Calculating that it was nearly 1 a.m. in Gotham, he had time. A quick breakfast was followed by a trip to the car rental to make arrangements for his road trip. Predictably, all the Ferraris were red. There were a number of options for the Maseratis, including a blue GranCabrio convertible that would be a treat. But then… Lamborghini. A Gallardo, dark blue; a Huracan Spyder, dark grey; and a Murciélago in a deep, rich black called Mezzanotte. It was love at first sight.
He returned to the hotel to work out how to call the United States…
Bruce was unsure how it happened exactly, but after the birthday wishes and a cursory overview of his life over the last year, the conversation understandably turned to where he was now and, somehow… Of course he would be happy to see Alfred again, happy to get caught up face-to-face, but Alfred coming to join him simply wasn’t part of the plan. Even for a part of these mission-prep travels, he didn’t… hadn’t… he just never saw himself having company. Especially now when he was, essentially, attempting to rejoin society after literal years living as a dojo tramp.

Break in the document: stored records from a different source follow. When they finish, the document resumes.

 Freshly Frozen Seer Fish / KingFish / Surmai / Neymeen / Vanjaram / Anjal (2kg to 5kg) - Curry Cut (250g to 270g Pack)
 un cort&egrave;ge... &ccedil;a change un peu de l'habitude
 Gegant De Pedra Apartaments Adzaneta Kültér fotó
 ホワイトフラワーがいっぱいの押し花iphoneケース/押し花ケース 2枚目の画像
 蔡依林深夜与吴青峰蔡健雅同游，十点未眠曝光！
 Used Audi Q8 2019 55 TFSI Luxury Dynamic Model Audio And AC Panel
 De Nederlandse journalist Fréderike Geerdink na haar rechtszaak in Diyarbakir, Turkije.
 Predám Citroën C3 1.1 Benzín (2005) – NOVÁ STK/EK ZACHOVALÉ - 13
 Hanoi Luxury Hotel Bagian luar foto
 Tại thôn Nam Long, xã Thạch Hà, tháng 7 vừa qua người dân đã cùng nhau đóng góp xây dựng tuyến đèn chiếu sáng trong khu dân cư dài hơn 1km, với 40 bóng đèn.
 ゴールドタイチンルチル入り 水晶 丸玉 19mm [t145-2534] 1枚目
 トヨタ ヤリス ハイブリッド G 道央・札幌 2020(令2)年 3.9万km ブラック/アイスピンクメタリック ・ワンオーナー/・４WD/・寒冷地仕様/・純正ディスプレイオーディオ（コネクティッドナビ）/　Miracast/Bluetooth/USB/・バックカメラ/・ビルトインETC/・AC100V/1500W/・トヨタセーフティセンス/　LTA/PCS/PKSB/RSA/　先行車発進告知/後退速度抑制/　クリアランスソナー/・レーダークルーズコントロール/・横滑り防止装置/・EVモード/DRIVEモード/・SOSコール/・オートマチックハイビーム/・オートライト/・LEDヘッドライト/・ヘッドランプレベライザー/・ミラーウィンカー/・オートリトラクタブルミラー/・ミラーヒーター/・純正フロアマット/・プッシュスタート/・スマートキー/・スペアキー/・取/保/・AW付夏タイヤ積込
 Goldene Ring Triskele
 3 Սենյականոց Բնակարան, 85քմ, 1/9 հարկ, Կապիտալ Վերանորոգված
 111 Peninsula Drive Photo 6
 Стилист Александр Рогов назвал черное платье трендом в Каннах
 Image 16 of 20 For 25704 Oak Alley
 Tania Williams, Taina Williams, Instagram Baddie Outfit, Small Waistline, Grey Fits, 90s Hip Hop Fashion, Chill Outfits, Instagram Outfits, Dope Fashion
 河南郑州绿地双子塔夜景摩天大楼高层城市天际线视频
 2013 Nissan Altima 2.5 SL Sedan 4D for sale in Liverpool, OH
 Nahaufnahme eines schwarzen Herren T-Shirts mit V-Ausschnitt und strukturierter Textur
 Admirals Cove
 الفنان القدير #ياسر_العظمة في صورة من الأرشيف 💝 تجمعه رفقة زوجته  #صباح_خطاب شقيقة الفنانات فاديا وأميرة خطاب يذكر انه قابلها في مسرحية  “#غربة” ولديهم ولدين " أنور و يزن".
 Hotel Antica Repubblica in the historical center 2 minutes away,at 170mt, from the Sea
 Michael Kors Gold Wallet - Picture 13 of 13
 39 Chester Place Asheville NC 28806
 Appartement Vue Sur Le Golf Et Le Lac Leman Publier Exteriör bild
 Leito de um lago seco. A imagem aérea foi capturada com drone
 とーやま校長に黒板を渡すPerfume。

Yet the passing reference to Dr. Fibrosi’s fixation on the food in Bologna and then to his fellow motor-tourists’ wild admiration for the tortellini—one passing reference in a ten minute phone call—and here he was, he and his Midnight Bat Lamborghini, speeding back to Modena, and not to the Enzo Ferrari museum but to the train station a scant 500 meters away.
Psychobat grumbled a little as he parked and a little more as he waited, all these deviations from the plan is what he objected to, one after another. It was such a bad habit to get into… but all that was squelched the moment he saw Alfred again.
“Buongiorno, Master Wayne,” was all he had to say and Bruce couldn’t restrain a smile, though at the same time, it hurt. The flash of home in that voice, after all this time running away from it. The manor was still “with him,” he learned that his first weeks in Tokyo. He carried it inside him, but he’d grown used to it. The sudden dial-up was disconcerting—
“I see you finally got your Ferrari,” Alfred said when he saw the car.
“A Lamborghini,” Bruce corrected, “A Murciélago; it means ‘bat.’”
“Bats again,” Alfred muttered, looking worriedly at the passenger seat and then noting the roadster was “not exactly designed for cargo, is it?”
Bruce opened the trunk with a boyishly mischievous smile. “I have it on good authority you can store two million in cash in here; I think it can handle your suitcase.”
The reaction was odd. The disapproval that always seemed to hang over Bruce’s talk of fast cars, but with something new. Bruce swallowed hard as Alfred handed over his luggage, realizing it was acquiescence. The words of his greeting belatedly sunk in: “Buongiorno, Master Wayne”, not Master Bruce. The dynamic was changed forever.